Gejala awal Chancroid ditandai dengan munculnya satu atau beberapa benjolan berwarna merah pada area genital, setelah tiga atau tujuh hari terinfeksi. Pada pria, benjolan merah kecil terlihat pada kulup dan beberapa bagian penis. Sedangkan pada wanita, jumlah benjolan dapat mencapai beberapa buah yang berada di antara labia, anus, atau paha.

Dalam waktu beberapa hari, papul ini dapat terkikis dan membentuk ulkus (kawah) yang dalam dan terasa sangat nyeri. Penyakit ini tidak menyebabkan kematian.

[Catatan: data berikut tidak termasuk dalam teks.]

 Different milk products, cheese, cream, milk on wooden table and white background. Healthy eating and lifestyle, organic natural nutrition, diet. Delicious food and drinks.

Gejala yang umumnya muncul pada penderita Chancroid adalah:

  • Ulkus multipel, dalam, dan nyeri pada kelamin dengan tepi tidak rata. Pada pria umumnya ditemukan pada preputium dan lingkar kepala penis (koronal sulkus). Pada wanita umumnya ditemukan pada vulva, dalam kasus jarang bisa ditemukan pada serviks.
  • Pada mereka yang melakukan hubungan seksual secara anal, ulkus ini dapat ditemukan di sekitar anus.
  • Dapat muncul lesi selain pada kelamin akibat inokulasi secara tidak sengaja, misalnya pada jari.
  • Pembengkakan kelenjar getah bening area selangkangan yang terasa nyeri.
  • Komplikasi pada pria terbentuknya bubo, fimosis, dan phagadenia (ulkus nekrotik yang berkembang secara cepat pada jaringan penis). Komplikasi pada wanita adalah terbentuknya bubo.

Penyebab Chancroid

Penyakit Chancroid disebabkan oleh bakteri berbentuk batang (basil), H. ducreyi, yang berpotensi tinggi menimbulkan infeksi. Bakteri tersebut masuk ke dalam kulit, sehingga menyebabkan reaksi peradangan. Racun yang dihasilkan bakteri menyebabkan regenerasi sel terhenti. sehingga terjadi kematian sel dan jaringan tubuh (nekrosis).

Seperti yang sudah disebutkan di atas, bakteri H. ducreyi menular melalui kontak seksual. Waktu yang dibutuhkan bakteri dari terpapar sampai menimbulkan gejala adalah sekitar 1-2 minggu.

Diagnosis Chancroid

Berikut kriteria yang dapat digunakan untuk membantu menentukan diagnosis Chancroid:

  • Adanya satu atau lebih ulkus pada kelamin yang terasa nyeri
  • Presentasi klinis, berupa ulkus kelamin dan limfadenopati inguinal (jika ada) yang khas untuk Chancroid
  • Pasien tidak terinfeksi dengan pallidum yang dibuktikan dengan pemeriksaan lapangan gelap (darkfield) dari eksudat ulkus atau pemeriksaan serologi sifilis yang dilakukan setidaknya 7 hari setelah munculnya gejala ulkus
  • Hasil pemeriksaan eksudat ulkus negatif pada pemeriksaan PCR HSV atau kultur HSV

Pengobatan Chancroid

Pengobatan tidak hanya diberikan kepada penderita Chancroid, namun juga untuk pasangan seksual dari penderita, terutama yang melakukan hubungan seksual dengan penderita dalam jangka waktu 10 hari sebelum munculnya gejala.

Penyakit ini disebabkan oleh infeksi bakteri, sehingga pengobatan yang diberikan adalah antibiotik. Pengobatan yang berhasil akan menyembuhkan infeksi, memperbaiki gejala dan keluhan dan mencegah transmisi infeksi kepada orang lain. Walaupun demikian, terdapat risiko terjadi jaringan parut (scar) walaupun pengobatan sukses.